Hypofractionated Radiotherapy May Benefit Patients With Localized Prostate Cancer
A study suggests HIMRT may have some advantages over CIMRT for treating men with localized prostate cancer.
It appears that dose-escalated, moderately hypofractionated intensity-modulated radiation therapy (HIMRT) may have some advantages over conventionally fractionated IMRT (CIMRT) for treating men with localized prostate cancer. A study published in The Journal of Clinical Oncology suggests superior cancer control for men with localized prostate cancer who receive dose-escalated moderate HIMRT.1 In addition, it appears more convenient, because HIMRT cuts treatment duration.
Karen Hoffman, MD, University of Texas MD Anderson, Houston, and colleagues compared CIMRT (75.6 Gy in 1.8-Gy fractions during 8.4 weeks) with a dose-escalated moderate HIMRT regimen (72 Gy in 2.4-Gy fractions during 6 weeks) in 206 men. In this cohort, 72% had cT1 disease, 99% had a Gleason score of 6 or 7, 90% had a PSA level of 10 ng/mL or lower, and 24% were receiving androgen-deprivation therapy (ADT).
The researchers found that the men treated with HIMRT experienced fewer treatment failures than men treated with CIMRT (10 vs 21, respectively) with a median follow-up of 8.5 years. The 8-year failure rates were significantly different (10.7% for HIMRT vs 15.4% for CIMRT). The study demonstrated no differences in overall survival (OS) between the 2 treatment arms.
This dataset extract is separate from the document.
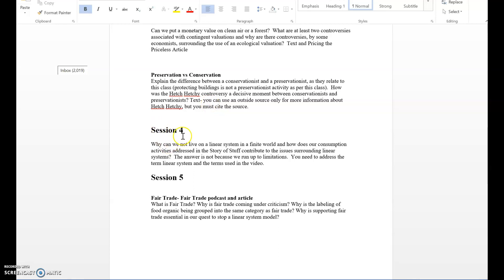The next one is session four - this is consumption. Why can we not live on a linear system in a finite world and how do our consumption activities addressed in the Story of Stuff contribute to the issues surrounding linear systems? You're definitely going to talk about what is a linear system - meaning there's an input and an output and that output is not put back into the input so we just end up with garbage. Then you want to talk about externalization of cost, perceived obsolescence, and planned obsolescence and how they play a part in this linear system. I want you to tie those terms to linear system and why they play a role.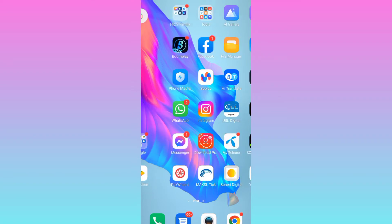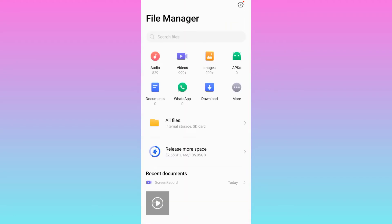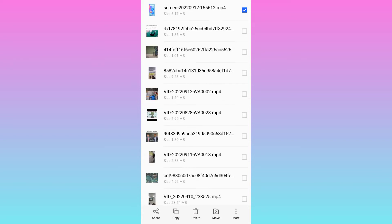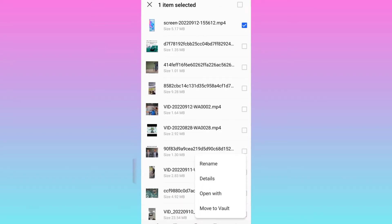First of all, open your file manager and then go to videos. Now select the MP4 file that you want to convert to MP3. I will go with this first file. So click and hold and then click on this more option. Now select rename.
The researchers noted that there was a nonsignificant increase in late grade 2/3 gastrointestinal toxicity with HIMRT (12.6% vs 5.0%). However, the study showed that the number of men who developed toxicity was small, and all rectal bleeding resolved with treatment. The authors wrote that the risk of bleeding can be further reduced by minimizing the proportion of rectum exposed to high-dose radiation.
- Hoffman, KE, Voong KR, Levy LB, et al. Randomized trial of hypofractionated, dose-escalated, intensity-modulated radiation therapy (IMRT) versus conventionally fractionated IMRT for localized prostate cancer. J Clin Oncol. 2018;36(29):2943-2949.